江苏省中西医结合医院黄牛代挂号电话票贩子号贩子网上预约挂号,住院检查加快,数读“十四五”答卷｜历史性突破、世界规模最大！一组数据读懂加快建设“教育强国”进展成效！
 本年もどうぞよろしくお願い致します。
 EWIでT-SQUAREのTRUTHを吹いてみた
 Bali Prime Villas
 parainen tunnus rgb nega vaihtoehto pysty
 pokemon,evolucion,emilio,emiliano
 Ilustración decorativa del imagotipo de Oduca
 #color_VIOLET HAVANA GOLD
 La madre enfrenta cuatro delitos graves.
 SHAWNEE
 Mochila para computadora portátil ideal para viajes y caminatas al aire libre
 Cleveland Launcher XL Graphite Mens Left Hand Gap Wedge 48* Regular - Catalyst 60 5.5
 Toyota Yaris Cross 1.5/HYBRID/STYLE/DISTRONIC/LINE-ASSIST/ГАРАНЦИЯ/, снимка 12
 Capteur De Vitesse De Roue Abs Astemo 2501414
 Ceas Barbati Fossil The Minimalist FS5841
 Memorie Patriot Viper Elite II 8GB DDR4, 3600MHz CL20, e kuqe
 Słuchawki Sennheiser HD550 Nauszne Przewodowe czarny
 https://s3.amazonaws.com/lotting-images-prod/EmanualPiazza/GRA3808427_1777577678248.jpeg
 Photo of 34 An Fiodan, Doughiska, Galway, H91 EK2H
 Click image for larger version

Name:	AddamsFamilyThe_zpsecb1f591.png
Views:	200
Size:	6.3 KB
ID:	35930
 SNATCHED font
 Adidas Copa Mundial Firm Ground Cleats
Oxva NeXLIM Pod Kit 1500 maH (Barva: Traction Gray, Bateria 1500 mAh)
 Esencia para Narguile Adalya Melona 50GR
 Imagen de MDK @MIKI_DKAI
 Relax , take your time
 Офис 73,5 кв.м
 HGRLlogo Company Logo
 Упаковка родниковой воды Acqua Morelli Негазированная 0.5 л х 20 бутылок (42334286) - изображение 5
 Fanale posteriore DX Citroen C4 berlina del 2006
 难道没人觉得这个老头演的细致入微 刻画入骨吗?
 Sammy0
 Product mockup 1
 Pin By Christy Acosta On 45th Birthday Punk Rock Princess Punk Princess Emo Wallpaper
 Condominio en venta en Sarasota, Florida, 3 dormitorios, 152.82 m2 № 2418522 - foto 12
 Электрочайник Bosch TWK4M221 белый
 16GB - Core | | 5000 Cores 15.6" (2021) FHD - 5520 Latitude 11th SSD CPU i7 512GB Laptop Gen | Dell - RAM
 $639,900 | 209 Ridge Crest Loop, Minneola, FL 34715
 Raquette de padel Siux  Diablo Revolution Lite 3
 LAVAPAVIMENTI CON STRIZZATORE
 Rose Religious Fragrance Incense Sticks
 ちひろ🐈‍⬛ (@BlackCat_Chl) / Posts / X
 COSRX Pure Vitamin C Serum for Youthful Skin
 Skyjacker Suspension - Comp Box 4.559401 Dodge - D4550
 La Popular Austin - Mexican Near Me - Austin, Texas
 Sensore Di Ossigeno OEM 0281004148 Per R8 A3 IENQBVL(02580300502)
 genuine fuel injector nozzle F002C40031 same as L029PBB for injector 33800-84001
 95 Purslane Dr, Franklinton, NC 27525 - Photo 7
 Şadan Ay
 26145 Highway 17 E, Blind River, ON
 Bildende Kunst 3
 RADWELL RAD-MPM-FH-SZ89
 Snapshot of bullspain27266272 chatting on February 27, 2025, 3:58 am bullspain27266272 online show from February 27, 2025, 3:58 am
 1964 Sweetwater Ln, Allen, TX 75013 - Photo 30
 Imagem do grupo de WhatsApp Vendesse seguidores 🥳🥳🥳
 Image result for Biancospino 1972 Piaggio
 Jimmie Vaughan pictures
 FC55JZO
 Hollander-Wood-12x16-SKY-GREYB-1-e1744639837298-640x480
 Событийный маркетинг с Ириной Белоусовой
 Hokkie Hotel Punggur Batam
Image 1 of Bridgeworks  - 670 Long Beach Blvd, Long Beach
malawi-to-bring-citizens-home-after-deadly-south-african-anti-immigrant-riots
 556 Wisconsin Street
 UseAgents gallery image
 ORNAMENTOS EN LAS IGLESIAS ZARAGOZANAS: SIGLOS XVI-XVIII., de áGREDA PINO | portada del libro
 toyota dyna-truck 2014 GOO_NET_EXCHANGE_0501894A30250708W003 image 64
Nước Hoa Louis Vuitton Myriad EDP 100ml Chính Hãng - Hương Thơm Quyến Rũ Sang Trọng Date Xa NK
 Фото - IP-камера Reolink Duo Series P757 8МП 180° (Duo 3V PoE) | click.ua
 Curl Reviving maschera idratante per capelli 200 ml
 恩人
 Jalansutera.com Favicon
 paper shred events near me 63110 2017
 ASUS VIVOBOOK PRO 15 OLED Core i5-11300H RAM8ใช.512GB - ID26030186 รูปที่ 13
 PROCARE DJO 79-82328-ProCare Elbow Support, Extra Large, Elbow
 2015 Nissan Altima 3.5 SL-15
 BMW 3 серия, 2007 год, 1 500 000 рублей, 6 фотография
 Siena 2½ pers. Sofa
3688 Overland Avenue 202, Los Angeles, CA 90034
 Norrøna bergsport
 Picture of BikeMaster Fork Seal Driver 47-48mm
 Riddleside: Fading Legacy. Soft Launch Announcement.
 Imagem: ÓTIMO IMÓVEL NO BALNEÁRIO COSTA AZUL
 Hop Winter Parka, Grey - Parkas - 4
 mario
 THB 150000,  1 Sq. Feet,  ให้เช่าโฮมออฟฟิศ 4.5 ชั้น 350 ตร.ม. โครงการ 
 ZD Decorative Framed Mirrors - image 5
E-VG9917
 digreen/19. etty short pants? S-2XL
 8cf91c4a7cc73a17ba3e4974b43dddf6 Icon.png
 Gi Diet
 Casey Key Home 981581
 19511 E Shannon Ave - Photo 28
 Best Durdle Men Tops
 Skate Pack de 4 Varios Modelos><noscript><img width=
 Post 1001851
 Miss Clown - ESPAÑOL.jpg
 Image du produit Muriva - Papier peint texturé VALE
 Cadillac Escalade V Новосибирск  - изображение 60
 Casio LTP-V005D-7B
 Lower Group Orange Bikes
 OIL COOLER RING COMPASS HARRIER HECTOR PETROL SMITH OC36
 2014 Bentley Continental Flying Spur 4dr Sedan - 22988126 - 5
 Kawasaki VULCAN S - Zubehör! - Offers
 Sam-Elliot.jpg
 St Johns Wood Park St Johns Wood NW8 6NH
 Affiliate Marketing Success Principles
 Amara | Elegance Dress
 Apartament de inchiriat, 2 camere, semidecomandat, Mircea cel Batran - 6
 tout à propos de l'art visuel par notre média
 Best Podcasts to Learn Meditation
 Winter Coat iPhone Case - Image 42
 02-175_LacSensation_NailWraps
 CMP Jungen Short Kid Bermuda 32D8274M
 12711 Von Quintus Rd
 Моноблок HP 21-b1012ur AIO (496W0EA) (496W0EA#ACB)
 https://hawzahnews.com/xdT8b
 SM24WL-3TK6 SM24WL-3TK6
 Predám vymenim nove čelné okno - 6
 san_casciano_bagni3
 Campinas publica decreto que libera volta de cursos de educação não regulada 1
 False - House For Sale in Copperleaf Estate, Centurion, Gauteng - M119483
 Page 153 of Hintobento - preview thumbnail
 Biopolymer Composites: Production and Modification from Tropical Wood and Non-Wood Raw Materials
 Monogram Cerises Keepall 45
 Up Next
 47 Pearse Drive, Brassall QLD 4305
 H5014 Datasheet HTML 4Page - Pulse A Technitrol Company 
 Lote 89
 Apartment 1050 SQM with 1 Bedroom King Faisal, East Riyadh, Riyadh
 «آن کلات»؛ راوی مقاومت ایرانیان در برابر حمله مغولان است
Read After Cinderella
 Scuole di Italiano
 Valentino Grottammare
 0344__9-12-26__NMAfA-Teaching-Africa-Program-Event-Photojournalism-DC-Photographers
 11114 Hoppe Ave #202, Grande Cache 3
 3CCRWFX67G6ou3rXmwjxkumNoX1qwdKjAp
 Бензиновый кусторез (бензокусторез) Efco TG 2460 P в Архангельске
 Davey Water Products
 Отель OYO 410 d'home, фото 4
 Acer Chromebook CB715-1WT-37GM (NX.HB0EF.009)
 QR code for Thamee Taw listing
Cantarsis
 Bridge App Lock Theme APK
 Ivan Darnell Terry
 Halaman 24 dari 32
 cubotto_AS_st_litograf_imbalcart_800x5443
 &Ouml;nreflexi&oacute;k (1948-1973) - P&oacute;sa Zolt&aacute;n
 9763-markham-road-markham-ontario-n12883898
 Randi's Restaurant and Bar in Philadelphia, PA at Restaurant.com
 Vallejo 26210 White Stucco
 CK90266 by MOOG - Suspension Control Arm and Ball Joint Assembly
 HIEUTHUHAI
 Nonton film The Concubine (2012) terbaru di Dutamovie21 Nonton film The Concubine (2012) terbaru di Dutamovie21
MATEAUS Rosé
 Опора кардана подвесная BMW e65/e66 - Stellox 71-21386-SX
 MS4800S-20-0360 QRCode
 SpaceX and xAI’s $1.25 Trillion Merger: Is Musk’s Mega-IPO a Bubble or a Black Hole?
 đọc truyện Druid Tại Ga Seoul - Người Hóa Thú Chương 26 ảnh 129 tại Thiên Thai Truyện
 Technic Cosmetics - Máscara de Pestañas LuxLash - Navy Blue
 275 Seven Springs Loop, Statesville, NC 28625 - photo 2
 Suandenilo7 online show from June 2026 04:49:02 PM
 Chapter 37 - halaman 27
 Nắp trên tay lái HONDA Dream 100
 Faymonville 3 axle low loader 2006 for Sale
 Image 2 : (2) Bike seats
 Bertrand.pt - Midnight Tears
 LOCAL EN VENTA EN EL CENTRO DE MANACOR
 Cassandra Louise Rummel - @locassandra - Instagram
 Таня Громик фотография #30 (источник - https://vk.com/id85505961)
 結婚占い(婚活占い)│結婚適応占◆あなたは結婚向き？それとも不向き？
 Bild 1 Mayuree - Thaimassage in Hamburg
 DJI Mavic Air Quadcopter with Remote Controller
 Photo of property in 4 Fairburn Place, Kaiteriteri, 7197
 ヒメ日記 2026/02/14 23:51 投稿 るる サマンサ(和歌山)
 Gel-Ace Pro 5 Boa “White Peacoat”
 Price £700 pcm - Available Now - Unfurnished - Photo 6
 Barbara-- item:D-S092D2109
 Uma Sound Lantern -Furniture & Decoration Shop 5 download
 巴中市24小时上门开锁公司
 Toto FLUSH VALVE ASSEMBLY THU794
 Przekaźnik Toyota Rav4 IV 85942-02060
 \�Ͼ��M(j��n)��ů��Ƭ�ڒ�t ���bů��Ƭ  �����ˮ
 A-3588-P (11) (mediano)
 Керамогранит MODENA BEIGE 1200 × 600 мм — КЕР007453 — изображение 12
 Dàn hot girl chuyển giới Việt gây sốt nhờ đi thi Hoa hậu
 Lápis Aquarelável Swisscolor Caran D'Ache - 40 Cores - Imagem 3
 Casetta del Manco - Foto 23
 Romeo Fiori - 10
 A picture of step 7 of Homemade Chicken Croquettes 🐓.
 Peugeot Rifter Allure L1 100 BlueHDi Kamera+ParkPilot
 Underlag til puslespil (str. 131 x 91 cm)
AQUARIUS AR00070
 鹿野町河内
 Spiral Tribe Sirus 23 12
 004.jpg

-----

Task details → Only lines that contain the string "from" count; pick each one out of the records and copy it.

Output of the exercise →
 Snapshot of bullspain27266272 chatting on February 27, 2025, 3:58 am bullspain27266272 online show from February 27, 2025, 3:58 am
 Biopolymer Composites: Production and Modification from Tropical Wood and Non-Wood Raw Materials
 Suandenilo7 online show from June 2026 04:49:02 PM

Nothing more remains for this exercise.